SUPPLIED MATERIAL below:
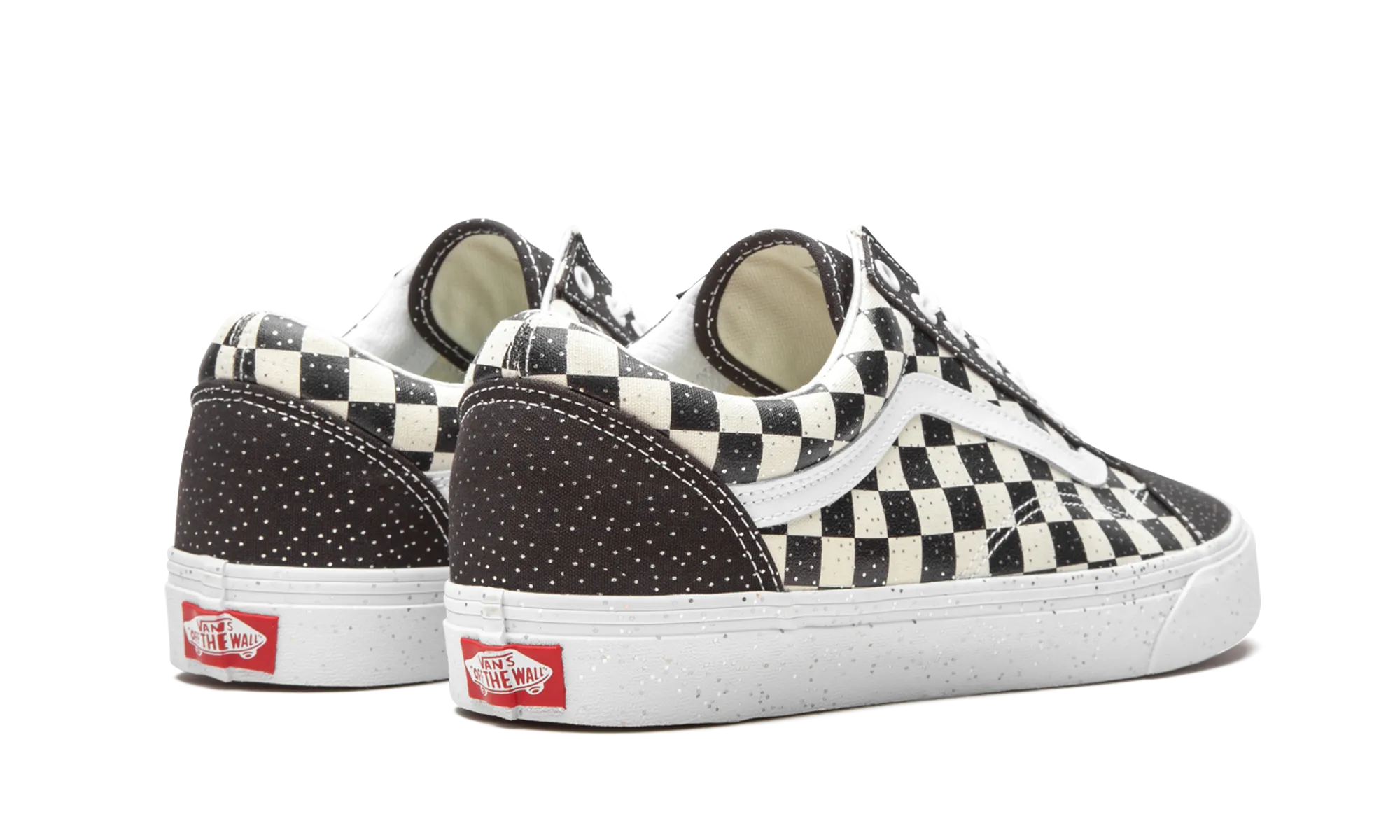 Old Skool "Confetti" Faux Leather Snow Jog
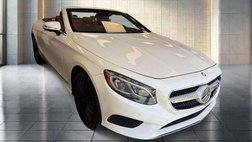 2017 Mercedes-Benz S-Class S 550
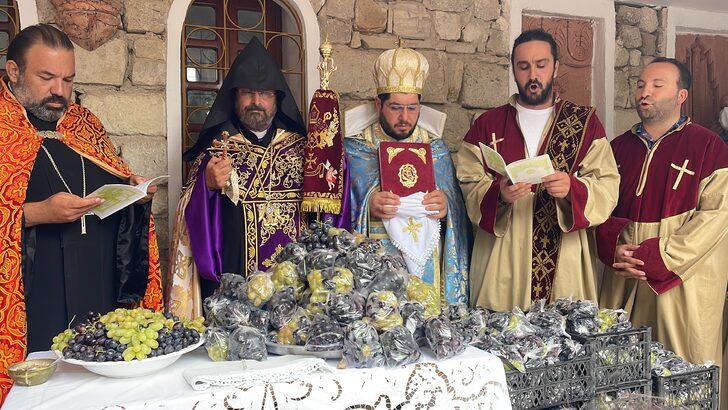 Hatay'da "Meryem Ana Yortusu" ve "Üzüm Bayramı" kutlandı G5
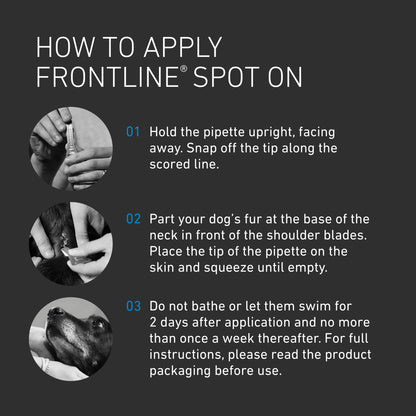 Frontline Spot On Large Dog Flea X1 2.68Ml — image 3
End of SUPPLIED MATERIAL.
### [AIM OF THE EXERCISE]
Please retype the whole listing above exactly, without any of its images.

### [RESULT FOR THIS EXERCISE]
 Old Skool "Confetti" Faux Leather Snow Jog
 2017 Mercedes-Benz S-Class S 550
 Hatay'da "Meryem Ana Yortusu" ve "Üzüm Bayramı" kutlandı G5
 Frontline Spot On Large Dog Flea X1 2.68Ml — image 3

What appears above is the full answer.